Designing Data-Intensive Applications - Chapter 2: Part 2
My Personal Notes from the Book
Disclaimer: These are my personal notes from reading Designing Data-Intensive Applications by Martin Kleppmann & Chris Riccomini. This should never be a spoiler for you. You always have to go through the book and learn from the author's perspective to think and understand the systems in depth.
Why am I doing this?
a) To commit to learning in public
b) I have the practice of taking notes, so if it helps you just skim some topics you don't understand, you can use this as a guide
I'm keeping each chapter short and simple for any human brain to digest. That's why I'm splitting each chapter into two parts. These notes aren't only for me but for anyone out there trying to make sense of data systems.
We stopped at response times and performance in the last blog post, so continuing from there now...
Response Times and Queueing
Usually, there are many factors responsible for response times, and queueing delays make up a large part of those delays most of the time. We know that servers can't process huge numbers of requests simultaneously due to the limitation of CPU cores. In this kind of situation, if a slow or heavy request is at the front of the queue, all the subsequent requests, even small, fast ones, have to wait behind it. This is known as head-of-line blocking.
The key distinction: the server doesn't skip the large request. It processes it, and that's the problem: everything else is stuck waiting behind that one slow request at the "head of the line."
Think of it like a billing counter at DMart: one person with a cartful of 200 items is at the front, and you're standing behind them with just a packet of chips. You have to wait even though your transaction would take 5 seconds. That person at the head of the line is blocking you.
Mean, Median, and Percentiles
When we were at school, we learned about mean and median in maths class. So let us revisit them here with our requests and responses.
When a request is made to any service, not all requests are going to take the same amount of time, even for the same responses. So it's really hard to define a certain response time that a request can take.
To clear the headaches and find the response times, people came up with different ideas:

- Mean time is the average of all the response times. Say you made a request, user 1 made a request, and user N made a request, you sum all the response times for all these users and divide by the number of requests: (res1 + res2 + res3) / 3.
- Median time: is this the same calculation that we studied in school? Yes, it is exactly the same. When we have different response times and we put them in ascending order, the one that is exactly in the center is called the median.
For example: we made 5 requests.
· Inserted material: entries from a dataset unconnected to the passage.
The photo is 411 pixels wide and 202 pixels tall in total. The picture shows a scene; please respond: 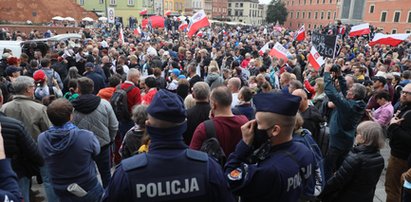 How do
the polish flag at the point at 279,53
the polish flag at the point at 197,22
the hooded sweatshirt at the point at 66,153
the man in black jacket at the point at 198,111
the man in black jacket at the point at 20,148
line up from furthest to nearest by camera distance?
the polish flag at the point at 197,22, the polish flag at the point at 279,53, the man in black jacket at the point at 198,111, the hooded sweatshirt at the point at 66,153, the man in black jacket at the point at 20,148

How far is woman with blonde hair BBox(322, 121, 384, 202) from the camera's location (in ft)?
10.6

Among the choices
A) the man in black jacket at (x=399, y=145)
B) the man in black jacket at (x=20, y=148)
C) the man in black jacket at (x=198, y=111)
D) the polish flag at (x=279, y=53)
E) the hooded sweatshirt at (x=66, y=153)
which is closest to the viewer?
the man in black jacket at (x=20, y=148)

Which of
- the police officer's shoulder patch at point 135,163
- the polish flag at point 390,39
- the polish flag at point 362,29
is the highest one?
the polish flag at point 362,29

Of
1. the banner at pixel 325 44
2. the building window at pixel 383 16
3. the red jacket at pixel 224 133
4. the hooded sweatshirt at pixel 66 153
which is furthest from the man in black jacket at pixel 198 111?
the building window at pixel 383 16

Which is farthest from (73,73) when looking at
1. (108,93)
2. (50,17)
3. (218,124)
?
(50,17)

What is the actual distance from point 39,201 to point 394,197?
5264 millimetres

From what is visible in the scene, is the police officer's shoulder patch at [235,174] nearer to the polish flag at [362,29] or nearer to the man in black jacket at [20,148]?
the man in black jacket at [20,148]

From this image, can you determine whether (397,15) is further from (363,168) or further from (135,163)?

The response times are 200ms, 500ms, 100ms, 300ms, and 400ms. Put them in order: 100ms, 200ms, 300ms, 400ms, 500ms. What is exactly in between? 300ms, so this is the median response time, which is also called the 50th percentile or p50.
This way of calculating in percentiles is the best way of calibrating responses compared to the mean times because with the mean, we can't understand how many users experienced that delay, it just sums up to an average. But with the median, look at the difference: the response times below p50 are the ones taking less than 300ms. If they are p95, the response time is touching the 95th percentile at 1.5 seconds, that means 95 out of 100 requests take less than 1.5 sec and 5 out of 100 requests take more. You can say exactly how many requests are taking a specific amount of time, and that doesn't happen with the mean.
Tail Latencies (p99.9)
The p99.9 represents tail latencies: only 1 in 1,000 requests have such long response times. Okay, it's fine to optimise the 99.9th percentile (1/1,000 requests), but it is not fine to optimise the 99.99th percentile (1/10,000 requests) because that can get expensive. UX is really important, taking care of the user's experience matters, but 1 in 10,000 is too much to chase.
Tail latency amplification: if the number of requests increases in the backend and the response times also increase drastically, this effect is called tail latency amplification.
I highly suggest you do a bit more research on case studies where latency has affected the revenue of businesses.
Reliability
When can you say a person is reliable? Only if you find them trustworthy, right, the person whom you can rely on. In the same way, you can rely on a system easily when it performs correctly even if something goes wrong.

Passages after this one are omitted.